Let's take WWE as the major example. They are currently operating under a deal with Netflix wherein they make $500 million a year just for broadcasting on that service. Let me write that out: $500,000,000. To put that into perspective, the currently overpriced tickets where someone paid $2,000 to sit front row? It would take 250,000 of those to equal the amount of money they are getting from Netflix in one year. That person who spent $900 to sit in nosebleed and watch the show on giant screens? 555,556 of them to equal the Netflix deal. So, as an individual fan, your opinion does not matter, however much they say it does. How could it? AEW has a similar thing with their Warner Bros. deal, but AEW is still Tony Khan's playground, so appealing to him has a chance of working.

"If the fans aren't the customers, then what are they?" That's a great question, and the answer is that the fans are the product. Netflix paid a bunch of money to get a different market looking at their site, seeing ads because Netflix is now ad supported, and buying subscriptions. This is true of any business where you are not paying for something but they are making money anyway. It's a universal truth. If you aren't the customer, you're the product. It's true with Google, it's true with Facebook, it's true with Twitter, and it's true with WWE and AEW. Your PLE (Premium Live Event, modern terminology for pay-per-view) money, your ticket... ultimately it means very little. I'm sorry to be the bearer of bad news.

But it's not all bleak. The one power you have is to make yourself unavailable as the product.
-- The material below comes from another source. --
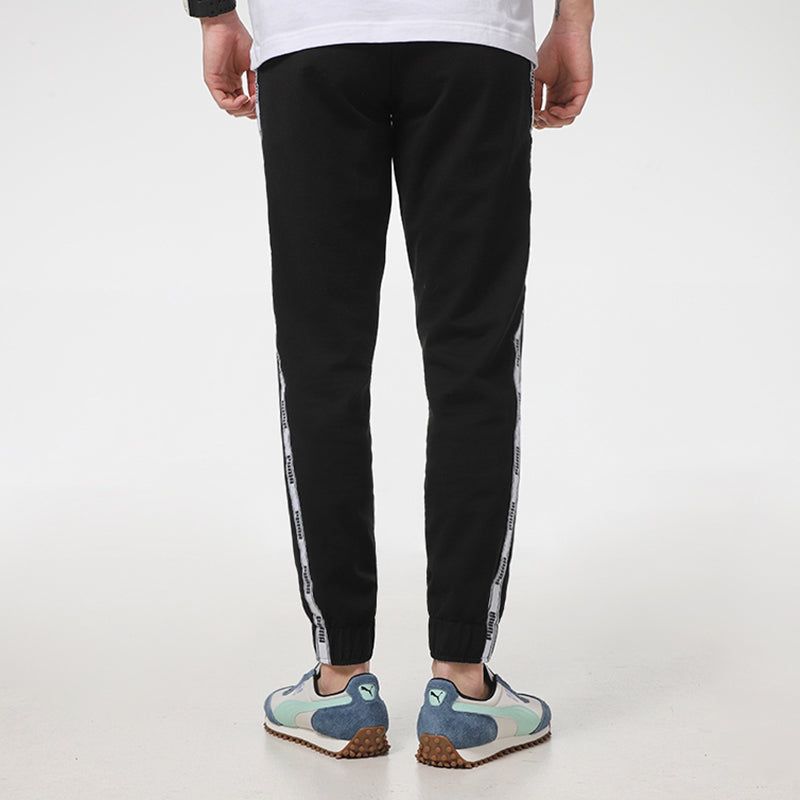 Puma SS21 Logo Sports Pants 'Black' 847589-01 sold by KicksCrew product image thumbnail 5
If you think the show sucks, don't watch it! There's a ton of wrestling content in the world to watch equally free to you but without supporting the show you don't like. Hate watching is a losing battle, because you're still being used as the product. If you want to spend your money to support individual wrestlers, buy their merch. Go to shows if you can. Watch a streaming site where you are the customer! All of these things are better than giving your time to a show that doesn't respect it, and you'll feel better about yourself too.

On that note, this blog is not ad supported, so if you read this, you are not the product. And I don't want your money, so you aren't the customer. This is just a place where I can get the thoughts out of my head and then broadcast them to the world and anyone who wants to read them can. I hope you enjoy reading these ravings and they give you something to think about.